Done by almost any other actor, Greg’s freewheeling, uncertain search
for philosophical constancy through the magic of dog ownership would seem ridiculous,
but the Leo Bloom in him makes this just another faintly ridiculous impossible
dream in which we’re all too willing to go all in with him. Julie White is
serviceable as Kate, but most entertaining when she enters into what becomes an
act-long catfight (pardon me) with Sylvia over Greg’s affections. And Robert Sella, playing three comic roles
hysterically (one funnier than the other two, but not by much), genuinely has
to be seen to be believed.
But Annaleigh Ashford, whose
brilliant turn in You Can’t Take it With
You last season remains one of the best comedic stage performances I’ve
ever seen, is the star here. From
beginning to end she brings her trademark twinkling, pointedly awkward
physicality to this utterly strange role (played in the show’s single previous New York staging, Off-Broadway in 1995, by Sarah Jessica Parker, Mr. Broderick’s
wife). She can seem, frequently, as if
she alternates between being weightless and a full-on bruiser, a being of
uncertain size and capacity who transforms between lines, an effect only the
truly great comic performers (Robin Williams comes to mind) can attain. It takes a great Sylvia to make Sylvia interesting, and Ms. Ashford is
one.
The play presents a number of
interesting implications about the relationship between Greg and Sylvia. The hints of a physical affair are the most
interesting choice made by director Daniel Sullivan, and the ways in which Kate
and Greg interact with the dog when their spouse is not around say a lot about
what we project onto our pets, or just about projecting period.
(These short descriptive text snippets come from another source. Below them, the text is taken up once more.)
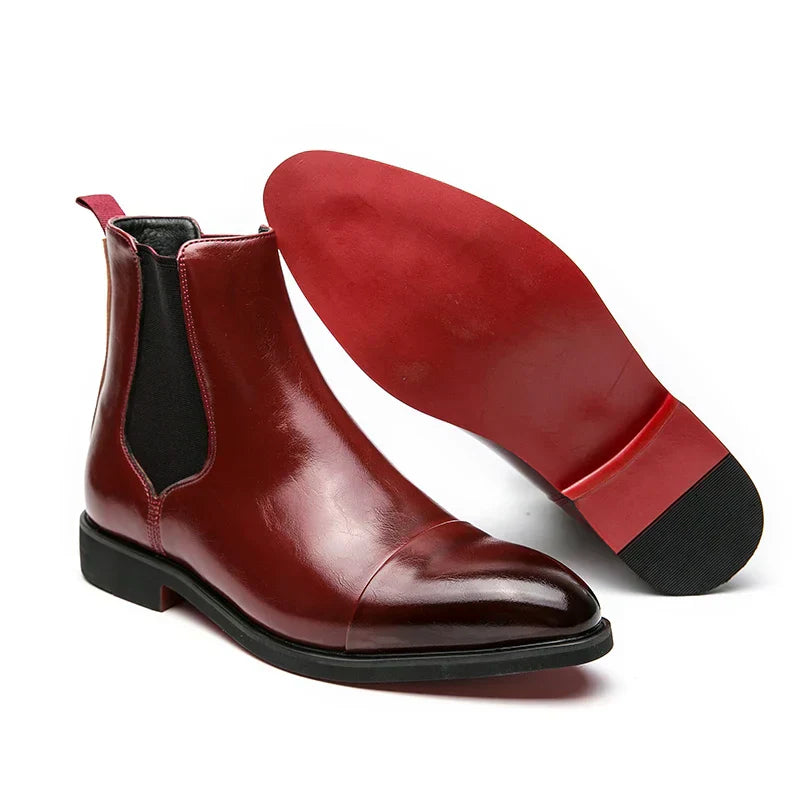 Edgar™ Glanzende Chelsea Boots met Rode Zool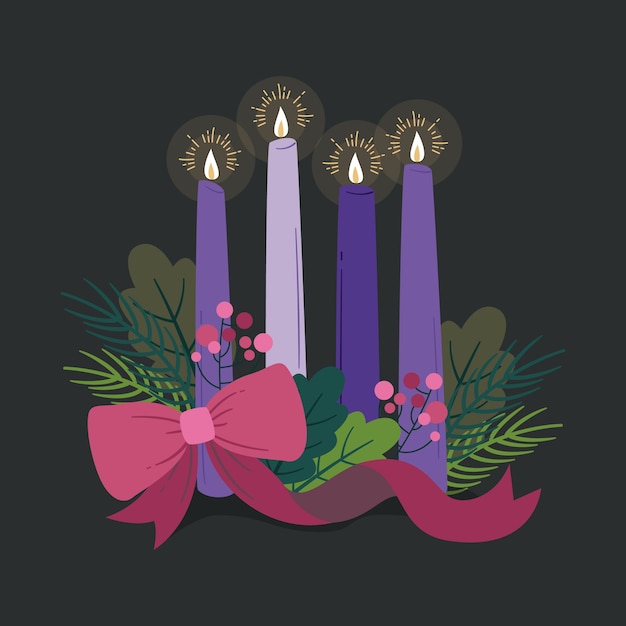 Vector hand drawn purple advent candles illustration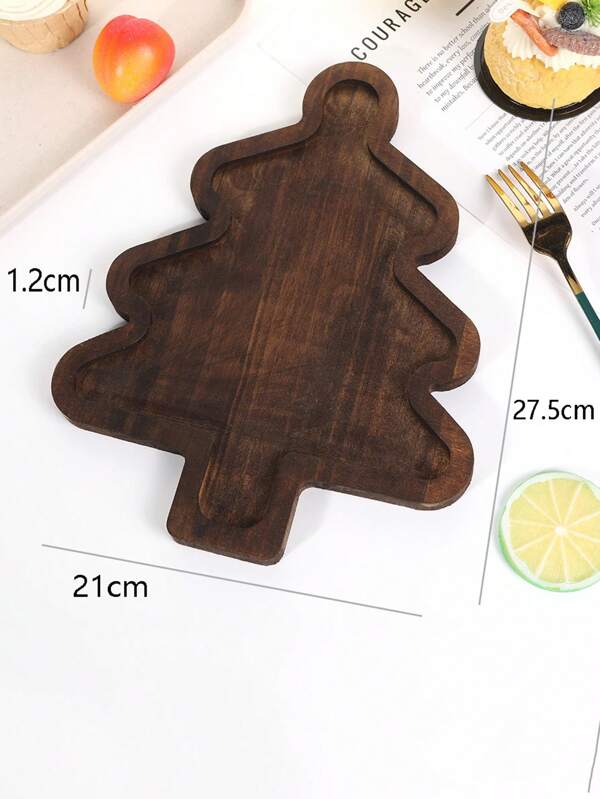 1pc Christmas Gift Dinnerware Tray Cute Wooden Christmas Gift Tree Fruit Cake Dessert Compartment Plate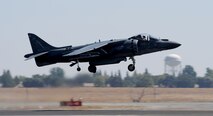 A United States Marine Corps AV-8B Harrier performs a vertical takeoff during the California Capital Airshow in Sacramento, Calif., Sept. 6, 2014. The Harriers primary function is to provide close air support to ground forces. (U.S. Air Force photo by Staff Sgt. Robert M. Trujillo/Released)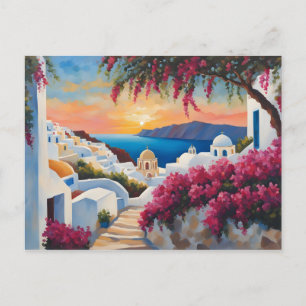 Santorini Zonsondergang Bliss Briefkaart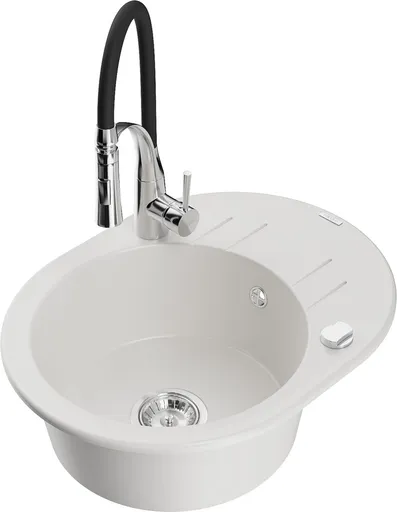 MEXEN/S Kevin granitový dřez s odkapávačem včetně baterie Aster, bílá 6517-20-73450-07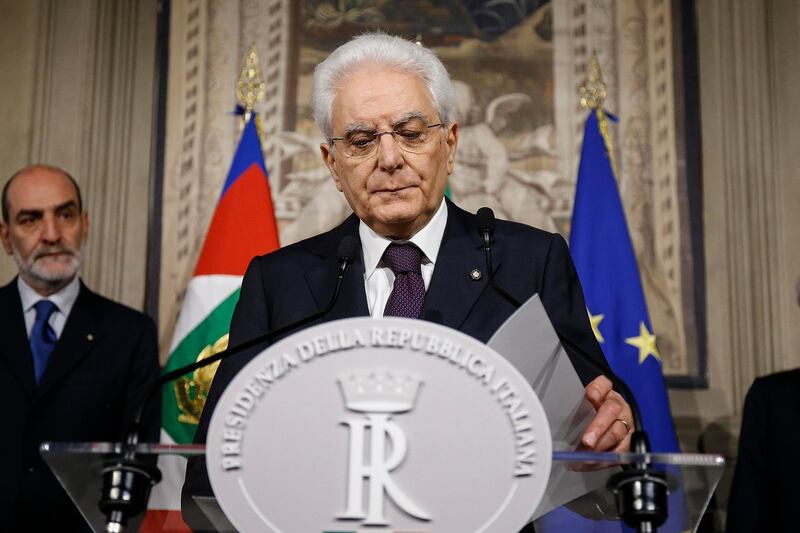 Italian President Sergio Mattarella addresses the media after meeting Italy's premier-designate Giuseppe Conte in Rome, Sunday, May 27, 2018. Italian President Sergio Mattarella said he refused to approve populist leaders' choice of an economy minister who has expressed anti-euro views because the appointment would have "alarmed markets and investors, Italians and foreigners." Mattarella spoke to reporters Sunday night after Premier-Designate Giuseppe Conte announced that he didn't succeed in forming what would have been Western Europe's first populist government. (Fabio Frustaci/ANSA via AP)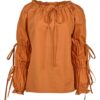 Juliet Tied Sleeve Cotton Blouse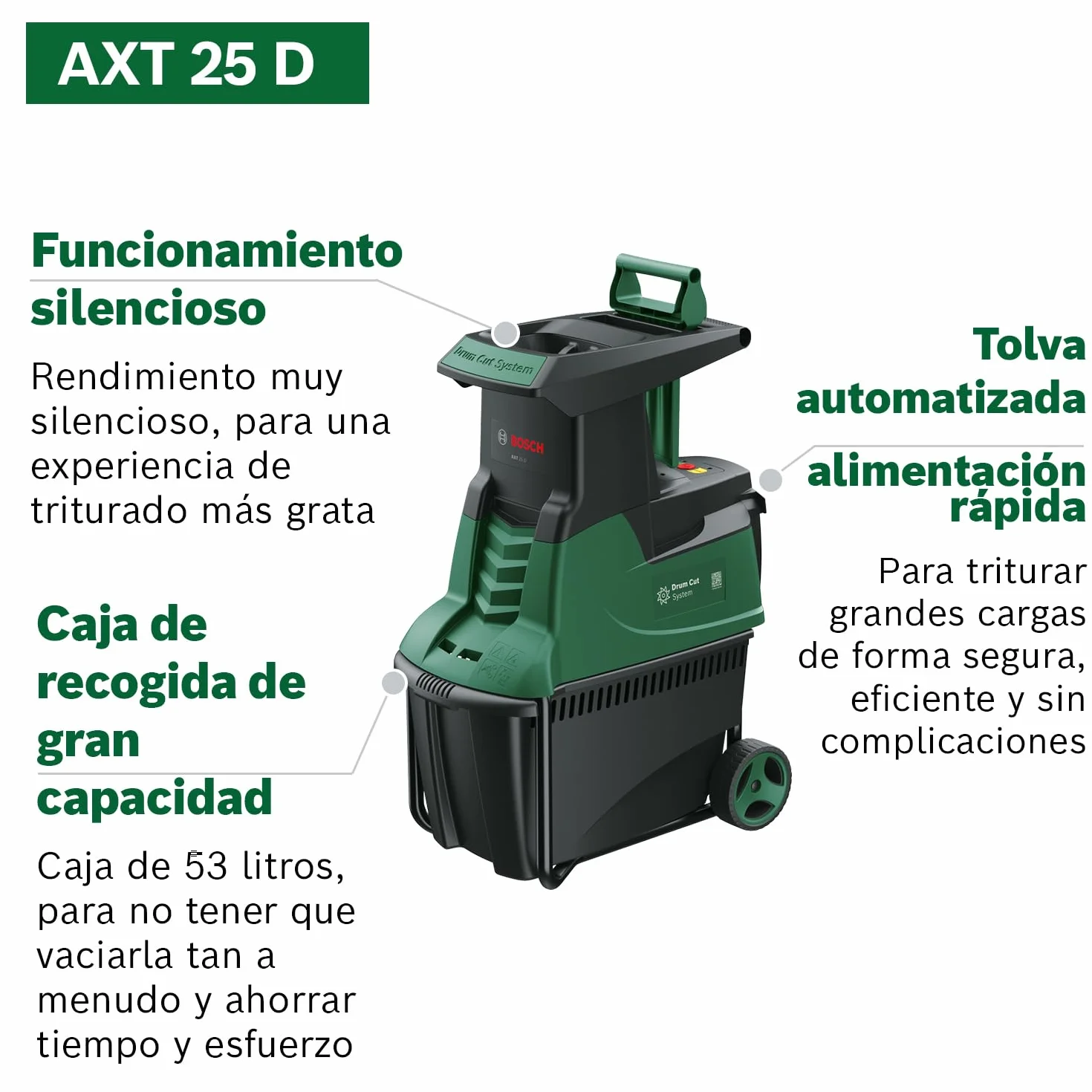 Bosch desmenuzadora silenciosa de jardín AXT 25 D (2500 W; apta para madera y zarzas duras; caja de recogida integrada de 53 L)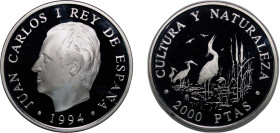 Spain Kingdom 1994 M 2000 Pesetas - Juan Carlos I (Doñana National Park) Silver (.925) Madrid Mint (6555) 27.12g PF KM 940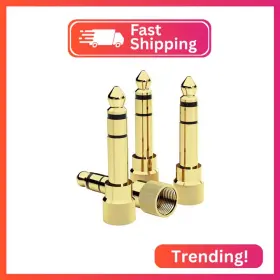 Bestune 681413852273 5pcs Gold Plated Stereo Phone Screw-on Adapter 6.35mm 1/4 Inch Male To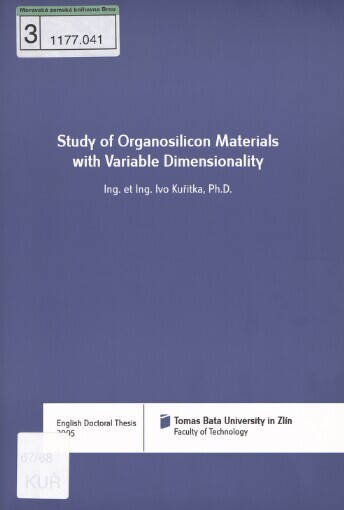 Study of organosilicon materials with variable dimensionality =: Studium organokřemíkových materiálů s proměnnou dimenzionalitou : English doctoral thesis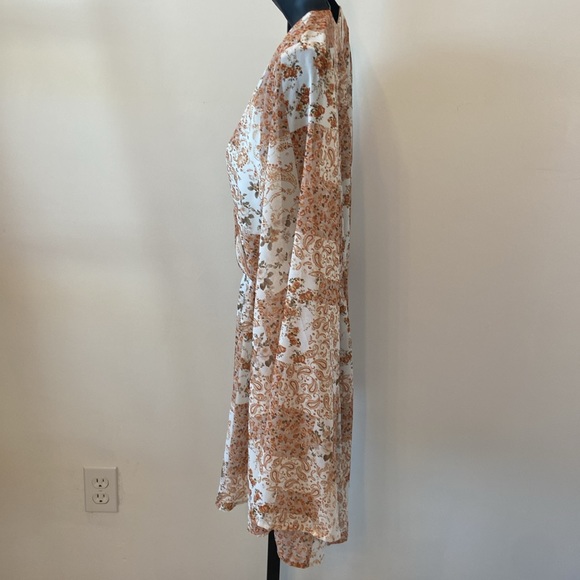 Pink Lily Romper Dressy Cream Green Rust Floral Paisley Print Medium - Picture 3 of 9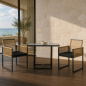 Set Ratán Anidable con Mesa de Cristal y 2 Sillas | Exterior Compacto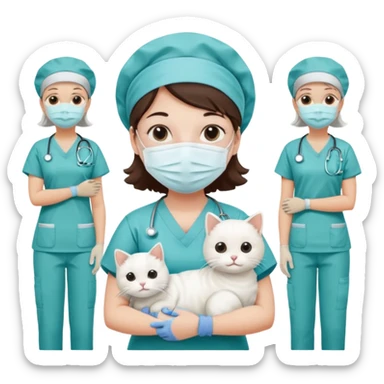 scrub nurse with cats and operation  bedds sticker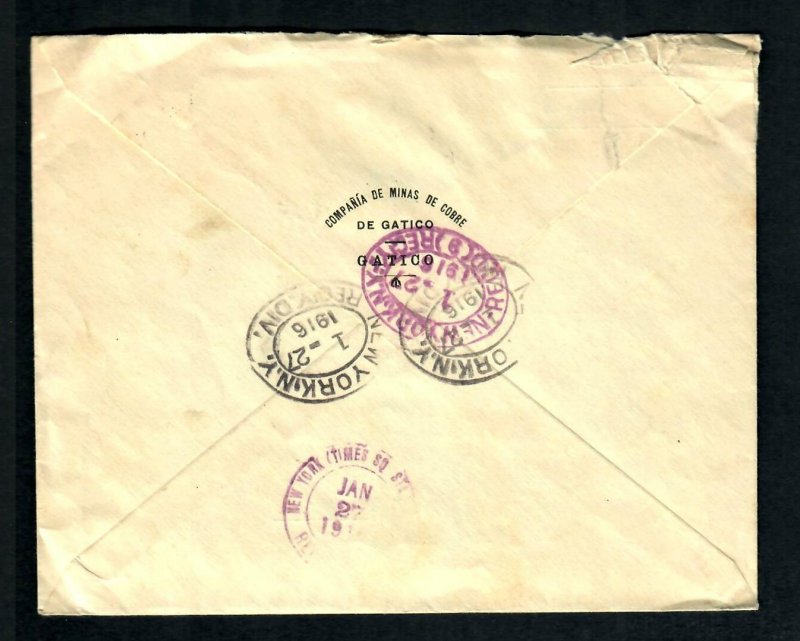 Lot2ln Chile Cover Registered1917 To Engineering & Mining Journal N.Y. U.S.A.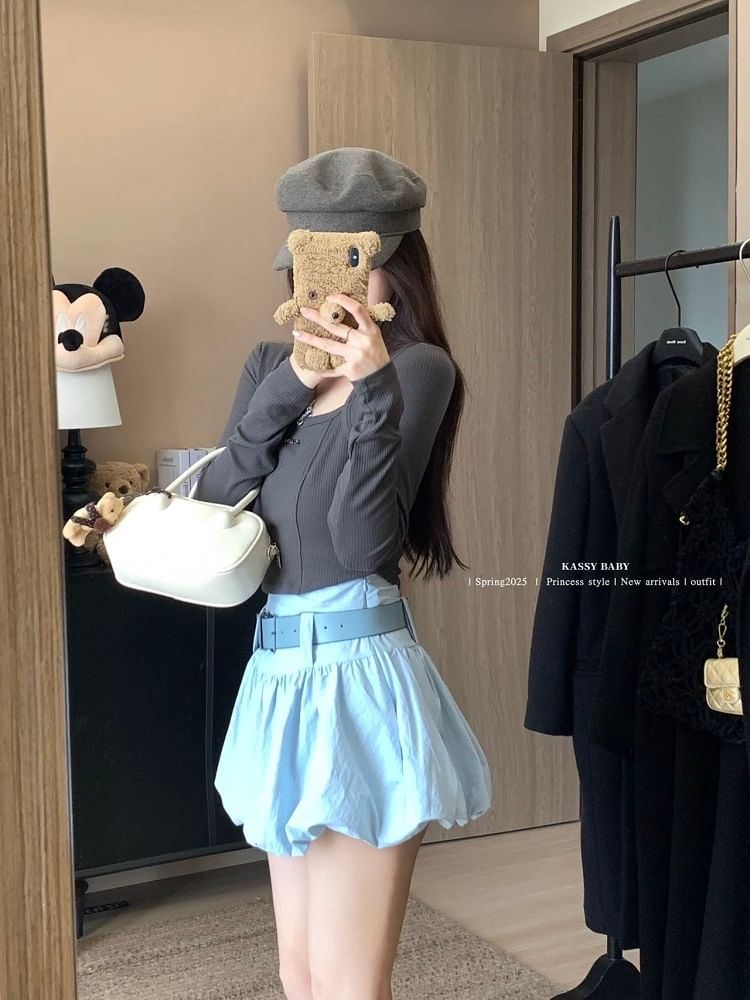 + Mini Waist Set: Belt High Plain Skirt Paperbag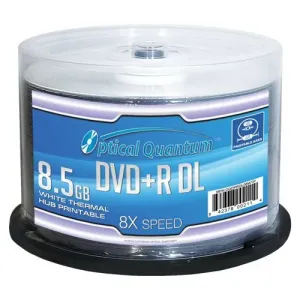 Vinpower OQDPRDL08WTP 50pk Dvd+r Dl 8.5gb Wht Thermal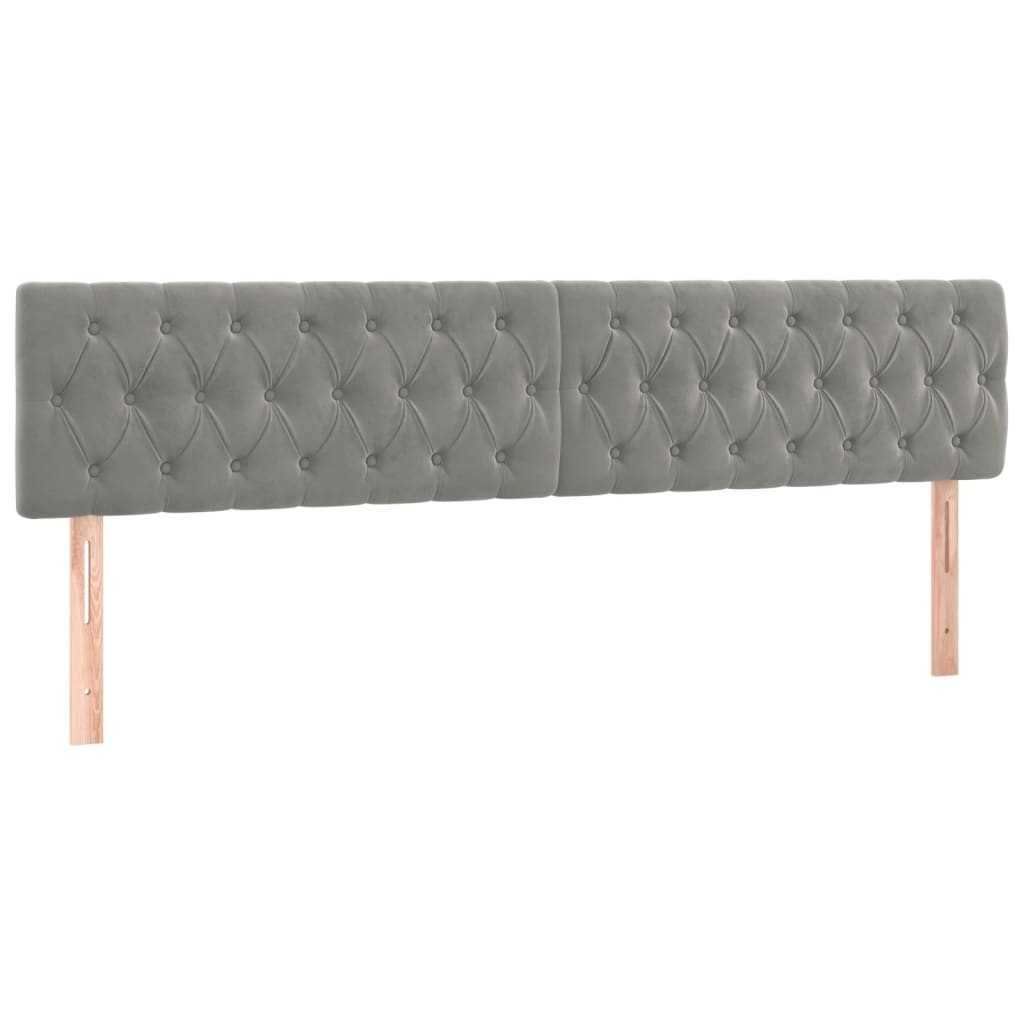 Pat box spring cu saltea, gri deschis, 200x200 cm, catifea GartenMobel Dekor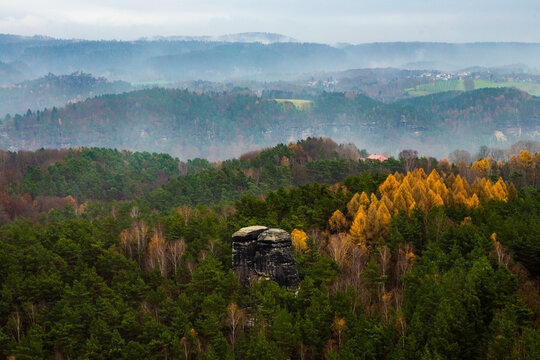 View from Rauenstein mountain in Saxon Switzerland. Germany. Europe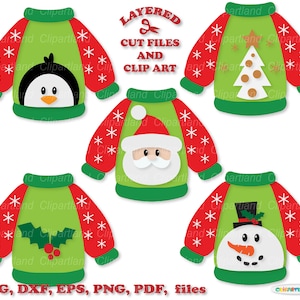 Puede incluir: Cinco diseños diferentes de suéteres navideños en rojo y verde. Los suéteres presentan un pingüino, Santa Claus, un árbol de Navidad, acebo y un muñeco de nieve.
Sadly, though the play clearly thinks of
itself as being literary and metaphysical (Kate, a teacher, quotes Hamlet and Henry IV between scenes), these threads are dropped like hotcakes
in favor of a squeamishly saccharine ending that actually undoes the most
interesting conceit the play has to offer.
Settle, then, for the fact that
this show is funny, effervescently funny; that there is never a period of more
than two minutes without a hardcore belly-laugh. Though it has a fair share of wit, a good
deal of Sylvia’s humor comes from
sheer silliness. When, in one scene,
Greg leaves Sylvia alone to take Kate to the airport, we are treated to the
ridiculous sight of Sylvia, draped over a couch, warbling Cole Porter’s “Ev’ry
Time We Say Goodbye,” a chorus quickly joined by Greg and Kate. Given that Ms. Ashford and Mr. Broderick are both eminently enjoyable singers, it's actually quite nice. Admittedly, it doesn’t really make any sense, but neither
does a dog wearing kneepads, gym shorts, and Kathy Najimy’s hairstyle from Hocus Pocus. This show exists to make you laugh, and, much
like a dog, if it piddles on the metaphorical carpet once in a while, it’ll
barely register your displeasure before it dives right in to try again.